**Task brief:**
What you return must match the listing exactly, with every image removed.

**Materials provided:**
· · · · ·

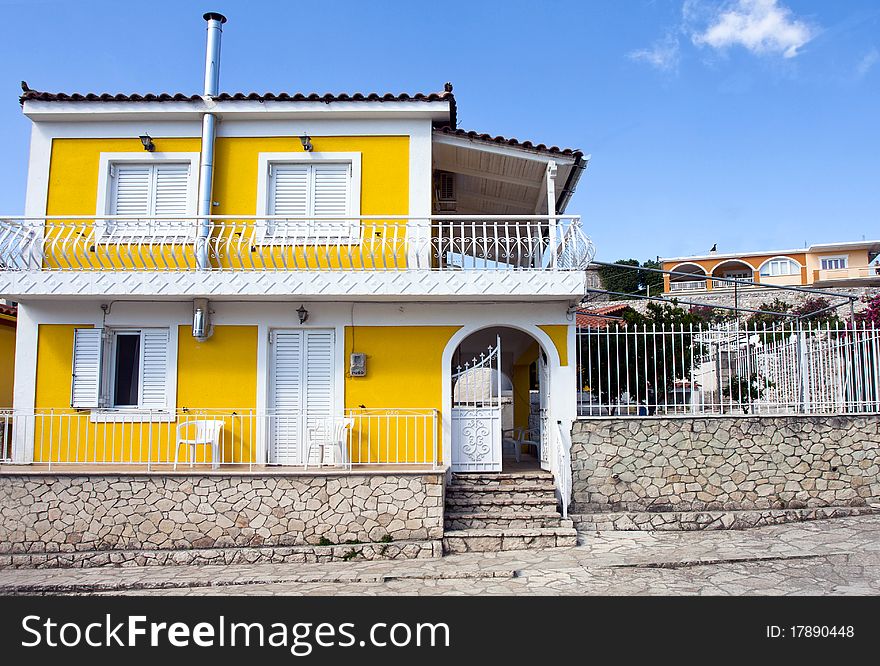 Yellow house with terrace in greece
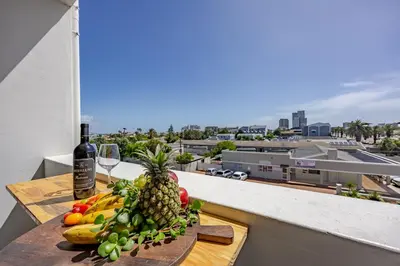 a plate of fruit on a table on a balcony with a bottle of wine at Contemporary Modern 1 Bedroom-19B, Blouberg in Cape Town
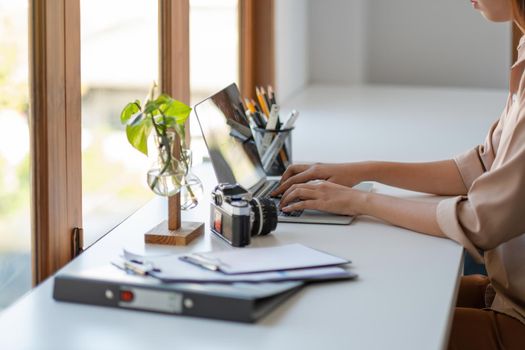Young freelance woman hands typing on keyboard on laptop computer to work at modern office.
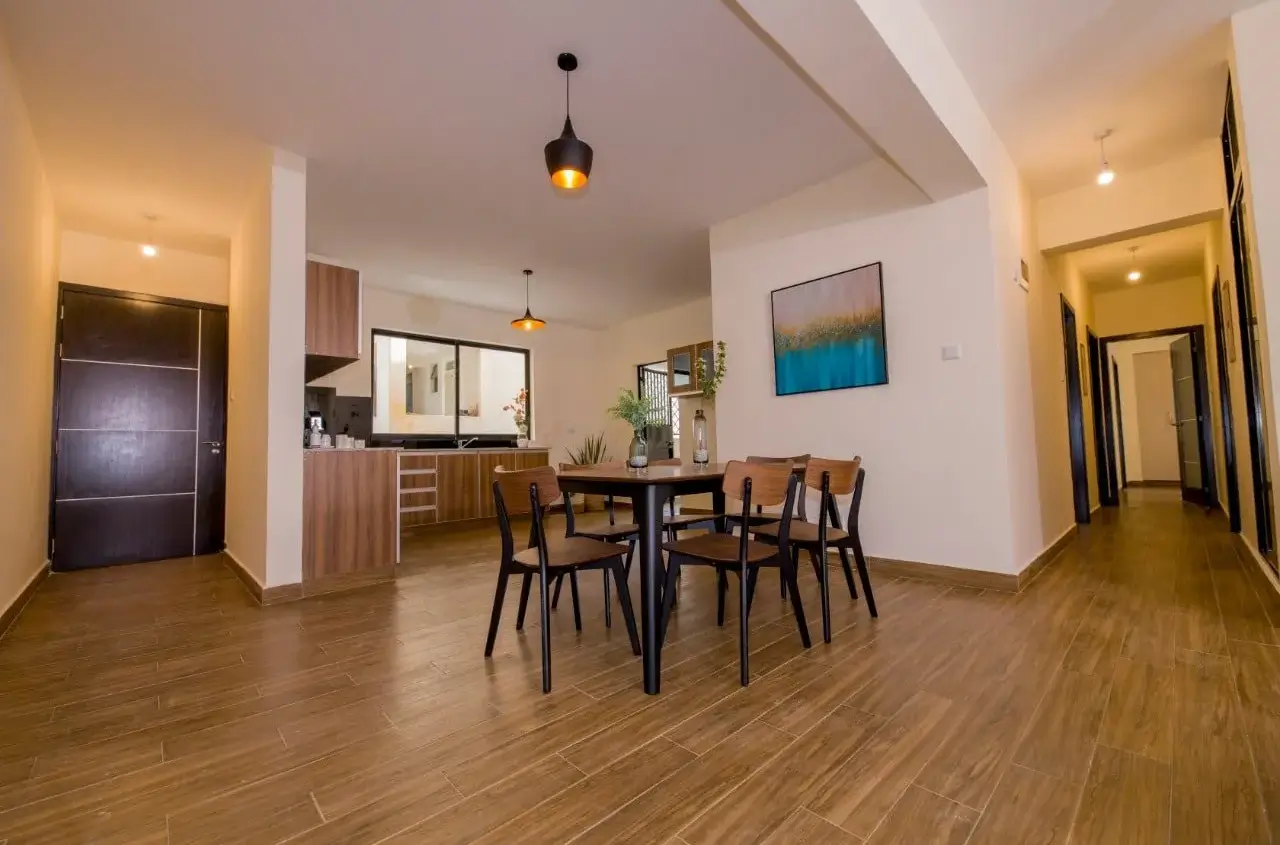 Open-plan dining area with kitchen visible in background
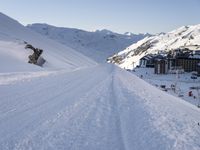 a snowboarder takes off into the snow as they make their way down a slope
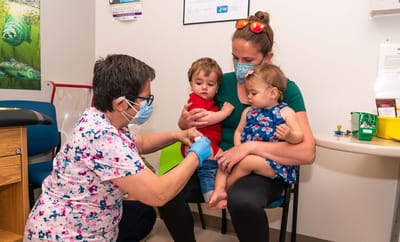 Healthcare professional administering a vaccine to children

· · · · ·

**Answer to this problem:**
 Yellow house with terrace in greece
 a plate of fruit on a table on a balcony with a bottle of wine at Contemporary Modern 1 Bedroom-19B, Blouberg in Cape Town
Young freelance woman hands typing on keyboard on laptop computer to work at modern office.
 Open-plan dining area with kitchen visible in background
 a snowboarder takes off into the snow as they make their way down a slope
 Healthcare professional administering a vaccine to children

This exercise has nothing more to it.